The Principle of Conservation of Energy
- The principle of conservation of energy states that energy cannot be created or destroyed, but only transferred from one form to another.
- Hence, for an isolated system, the sum of the useful and wasted energy outputs will always be equal to the total energy input.
- In the absence of resistive forces, the total mechanical energy of a system is conserved.
- If mechanical energy is conserved, work is the amount of energy transformed between different forms of mechanical energy in a system, such as kinetic energy, gravitational potential energy and elastic potential energy.

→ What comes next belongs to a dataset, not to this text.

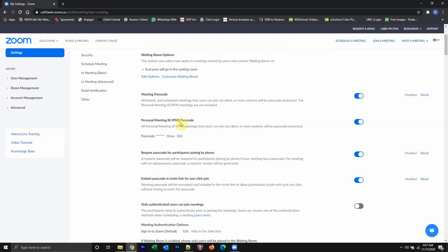Or you can just send the invitation using a generic ID, which is this option right here. Or also you can send the invitation using a phone number where the participants will call in into a phone number and enter the ID, all of that.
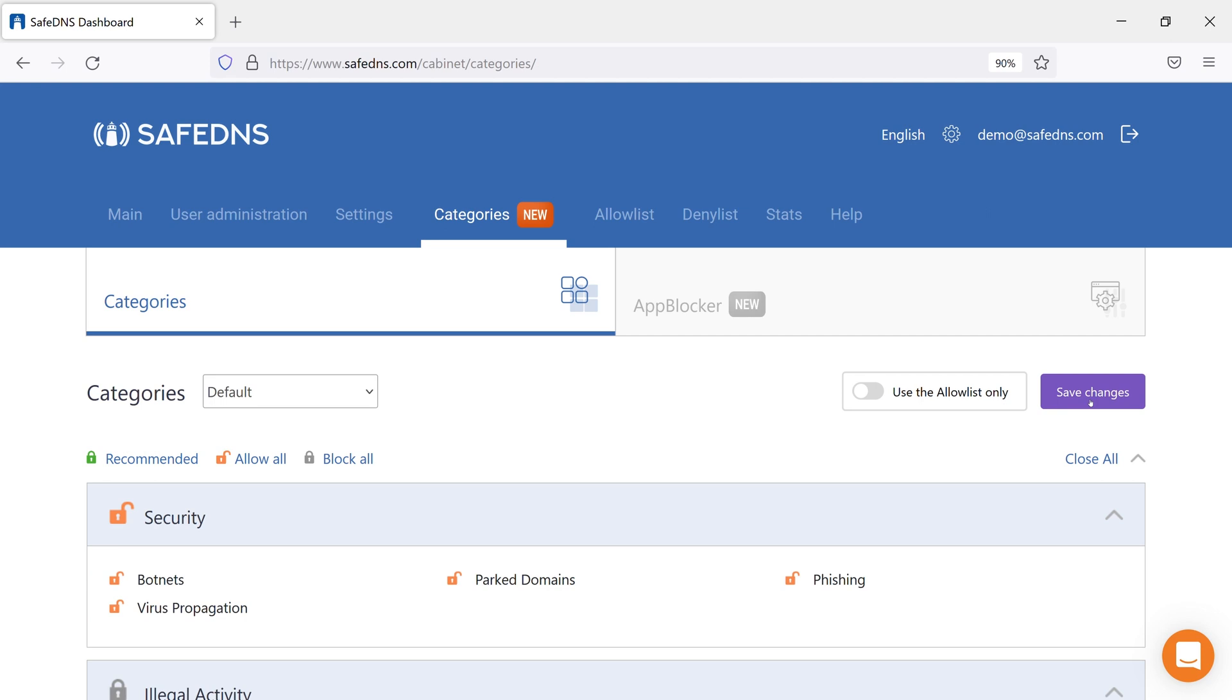In addition to the categories, we have a feature called App Blocker, which allows you to block a certain app or ecosystem without blocking the whole category.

Using Conservation of Energy for Falling Objects
- While we're used to using SUVAT equations for calculating the speed and height of falling objects, energy conservation can also be applied to these situations.
- Imagine a ball being thrown upwards.
- At the very moment it is thrown, its height, and therefore gravitational potential energy is equal to zero, and its kinetic energy is at the maximum value.
Example
- Imagine a bouncing ball. With each bounce, the ball rises and loses kinetic energy as it gains gravitational potential energy.
- As it bounces, some energy is lost due to it being dissipated as heat and sound.
- What the graphs will look like are shown below:
- Notice how both graphs have their maximum points at the same amount of energy.
- As one graph increases, the other decreases.
- Thus at the maximum point of the kinetic energy graph, gravitational potential energy is zero.
- Likewise, at the maximum point of gravitational potential energy, kinetic energy is zero.